Discussion Thread: DIP 1040--Copying, Moving, and Forwarding--Community Review Round 1
Walter Bright
newshound2 at digitalmars.com
Sat Mar 20 09:06:34 UTC 2021
On 3/18/2021 12:50 PM, deadalnix wrote:
> So, what do we want to do with move constructors anyways? Can't we just move the
> struct field by field recursively and be done with it? Yes, and I'd argue there
> is a problem if this isn't enough for 95% of the cases. Which leads to the two
> use cases I was able to identify:
> - Non movable struct. It is important that such a struct doesn't move. For
> instance, when the struct is some sort of header or a larger data segment.
> Another example is a struct that represent some kind of guard that needs to see
> its construction/destruction done in order. This can be achieved by disabling
> the move constructor, whatever the move constructor is defined as. It is fairly
> easy to realize such use case, the move constructor simply needs to exist at all.
Ok.
> - Movable struct that require some form of bookkeeping. For these cases, a
> postblit would work with one exception: interior pointers.
This bookkeeping was the motivation for #DIP1014:
"For example, D structs also may not use the constructor/destructor to register
themselves with a global registry that keeps track of all instances in the
system, e.g. via a linked list. This also severely limits the ability to store
delegates that reference the struct instance from outside the struct."
https://github.com/dlang/DIPs/blob/master/DIPs/accepted/DIP1014.md
Marking the struct as immovable would resolve this problem, too.
> What I refers as interior pointers are struct containing pointer to elements
> which are within the struct itself. While this idiom exist, it is vanishingly
> rare and becoming rarer over time. The main reason for this is that memory has
> become slower, computation faster, and pointer larger, which in turn lead people
> to use "relative pointers", namely pointer defined as an offset from this.

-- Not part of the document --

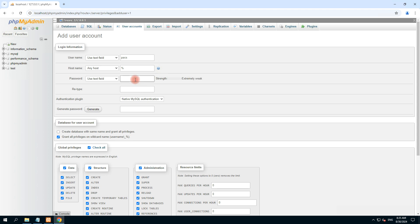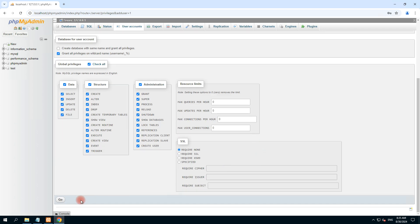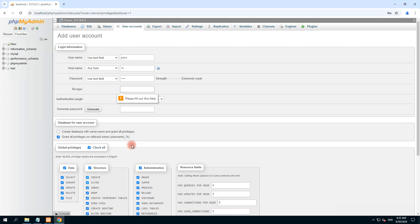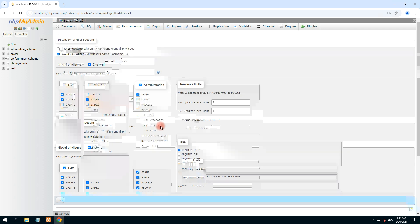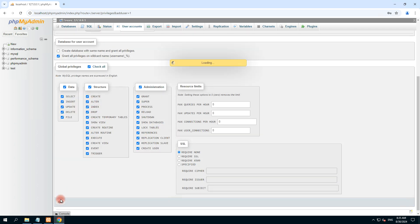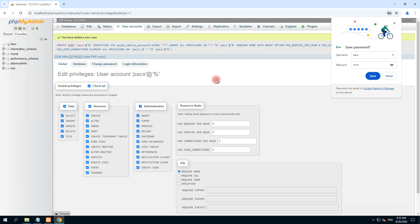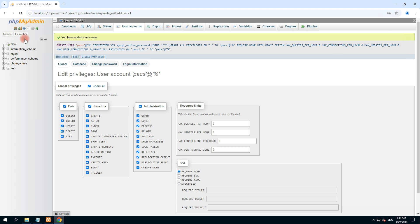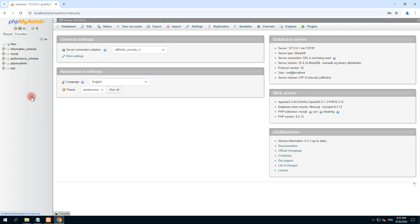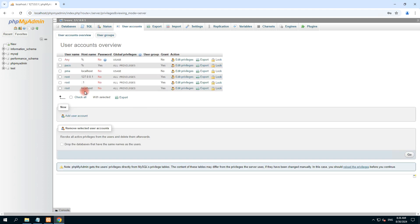Now click on go. Let's also set up the password with the name 'pax' — 'pax' in all small letters. Now click on go, retype the password 'pax' — all in small letters — click on go. It's created. Now check the user accounts — see this.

> Unless is is expected that the struct may be more than 4GB in size - which is
> always the case, then it's all good. The extra addition required is well worth
> the memory saved (and increase hit rate in the cache that result from it). See
> https://www.youtube.com/watch?v=G3bpj-4tWVU for instance on how the swift
> runtime started using such techniques.
I didn't know this. This is good info.
> I'll be blunt, once these techniques are known, I've actually never encountered
> a case of interior pointers that would not be solved by disabling move
> altogether. I'm not pretending it doesn't exist, but I've never seen it. It
> simply doesn't make sense to sacrifice any of the above mentioned requirement
> for it, even it turns out this is really needed, because, well, this is the edge
> case of the edge case, and while enabling it might be an option, throwing away
> thing which are good in the general case for it just doesn't make sense.
>
> I suspect that even then, making the struct unmovable and then definition custom
> method to move it manually would do the trick just fine. But just in case, here
> is what I propose: simply add an intrinsic, such as `void* __pre_move_address()`
> that can be called in the postblit, returning the address of the premove object.
> Any object using it would, of course, discard 4/ and not be usable as a value
> and instead always be passed by reference at the ABI level. This is the least
> constraining requirement to break, because it impact exclusively performances
> and never correctness like 1/ or 5/ would. However, considering it is possible
> to it custom once you disable move, I strongly suspect the bang is not worth the
> effort.
This is more or less what DIP1014 proposed.